Indian social entrepreneur

Kamal Kumbhar is an Indian social entrepreneur and founder of Kamal Poultry and Ekta Producer Company. She was awarded the Nari Shakti Puraskar, India's highest civilian honor for women, in 2021 for her contributions to promoting women's entrepreneurship in the field of animal husbandry.

== Early life ==
Kamal Kumbhar was born in Osmanabad, Maharashtra to a daily-wage labourer. She lived in poverty and grew up without access to education. She married at a young age and after that failed, she was financially vulnerable.

== Career ==
Kumbhar joined women's self-help groups and started a small business selling bangles from an investment of ₹500. Two years later, she was leading a women's federation in Maharashtra.

She started Kamal Poultry and Ekta Producer Company in 1998 with no knowledge of business or marketing, with an investment of ₹2 thousand. The company sells about Rs 1 lakh every month. She has mentored more than 5,000 women from her state to set up similar enterprises and become self-sufficient.

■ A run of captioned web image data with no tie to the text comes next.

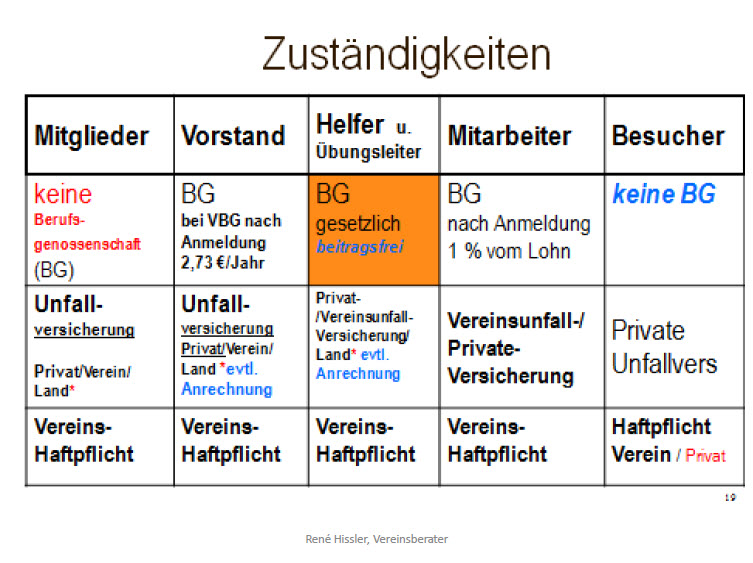 Ehrenamt BG Haft Unfall.jpg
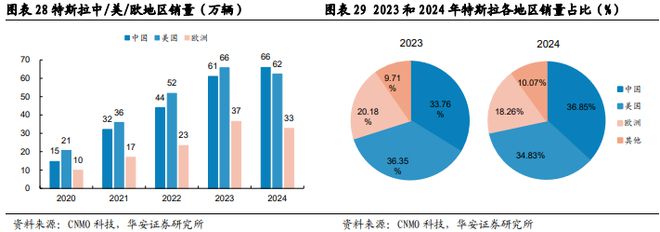 砥砺前行智驾30时代份额为先(图23)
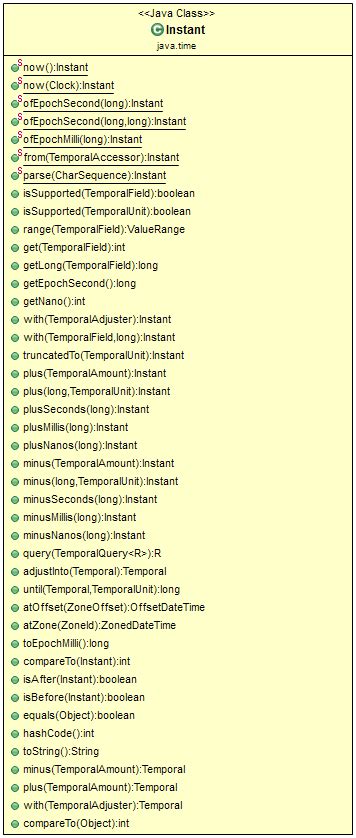 Image result for Java Instant Example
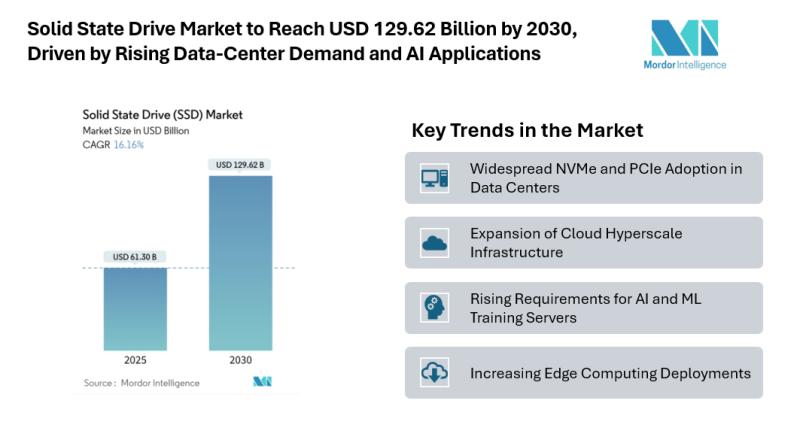 Solid State Drive Market to Reach USD 129.62 Billion by 2030, Driven by Rising Data-Center Demand and AI Applications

In 2012, she became a clean energy entrepreneur and lit up over 3000 homes with solar-powered devices, after training as an "Energy Sakhi" in SSP's "women in clean energy program", which trained over 1100 women across Maharashtra and Bihar. She owns six business ventures earning the moniker "serial entrepreneur". She owns a range of agriculture-allied businesses.

== Awards ==
- CII Foundation's Woman Exemplar award from President Pranab Mukherjee
- Women Transforming India Award (2017), organized by United Nations and NITI Aayog.